David Beckwith, a spokesman for Texas Gov. Rick Perry, created a stir when he showed up at the Democrats’ press conference and took a seat among the reporters. Holding court later, Beckwith dismissed the Democrats’ rhetoric about democracy and protecting the rights of the minority. He argued that all the Democrats are doing is protecting Anglos who represent minority districts. Two of them were at the press conference, he said, pointing to Reps. Martin Frost and Lloyd Doggett.
Conservative strategist Grover Norquist said earlier this year that the GOP can live with urban liberals, “It’s moderates such as Texas Democrat Charlie Stenholm who are its main target … It is exactly the Stenholms of the world who will disappear, the moderate Democrats. They will go so that no Texan need grow up thinking that being a Democrat is acceptable behavior.”
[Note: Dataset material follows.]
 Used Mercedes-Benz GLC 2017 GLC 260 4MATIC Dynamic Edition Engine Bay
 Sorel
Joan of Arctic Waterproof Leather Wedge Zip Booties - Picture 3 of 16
There were 11 renegade Democrats; now there are 10. Sen. John Whitmire, the dean of the legislature with 30 years of elected service, turned up in Houston on Tuesday night. His defection, if that’s what it is, could give the Republicans the two-thirds quorum they need. But Whitmire is ducking in and out of a safe house, driving around in his secretary’s car, and behaving more like a fugitive than somebody who’s just caved. Now that the plight of the Democrats is getting national attention, will the Republicans dare to order Whitmire’s arrest and have him brought into the chamber in shackles?
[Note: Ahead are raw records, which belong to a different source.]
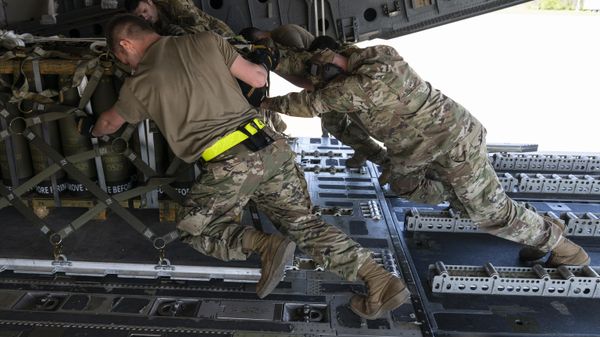 Airmen push over 8,000 pounds of 155 mm shells on to a C-17 cargo aircraft for transport, ultimately bound for Ukraine, Friday, April 29, 2022, at Dover Air Force Base, Del.  - Sputnik International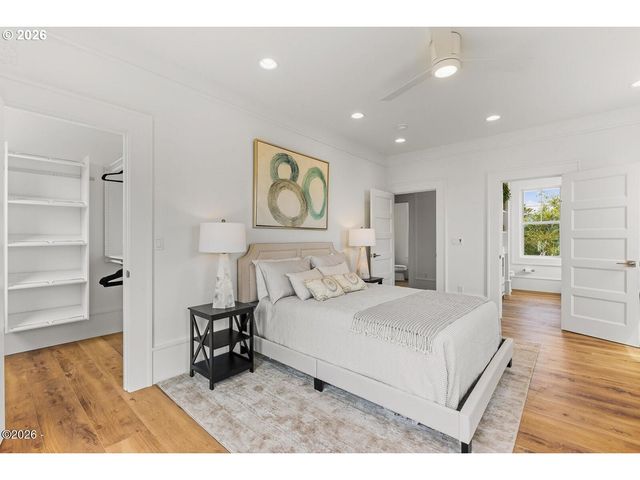 4930 Sw COAST Ave, Lincoln City, OR 97367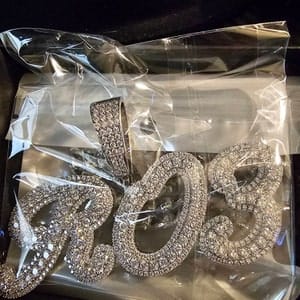 Customer photo review of ICED HEART CUSTOM CURSIVE NAME BAGUETTE NECKLACE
Republicans adopted a national strategy in the early ’90s of siphoning off black and brown voters from districts where they were represented by moderate white Democrats and putting them together so they could elect one of their own. The process marginally increases minority representation while dramatically boosting conservative Republican representation and destroying the political center. Nine of the 10 Democrats exiled in Albuquerque are Hispanic or African-American. Senator Van de Putte, a Latina, says the moderate white Democrats targeted by the GOP vote 70 percent or better in favor of issues rated important by the NAACP and the League of United Latin American Citizens (LULAC), which represents the concerns of Hispanics. The closest Republican scores 22 percent.
Van de Putte finds it “condescending and insulting” that the GOP would present its redistricting plan as a way to increase Hispanic voting power. She believes the real reason driving the Republicans is the looming reality that Texas is on its way to become a majority minority state. “Some people in our state are very uncomfortable with the changing demographics,” she says.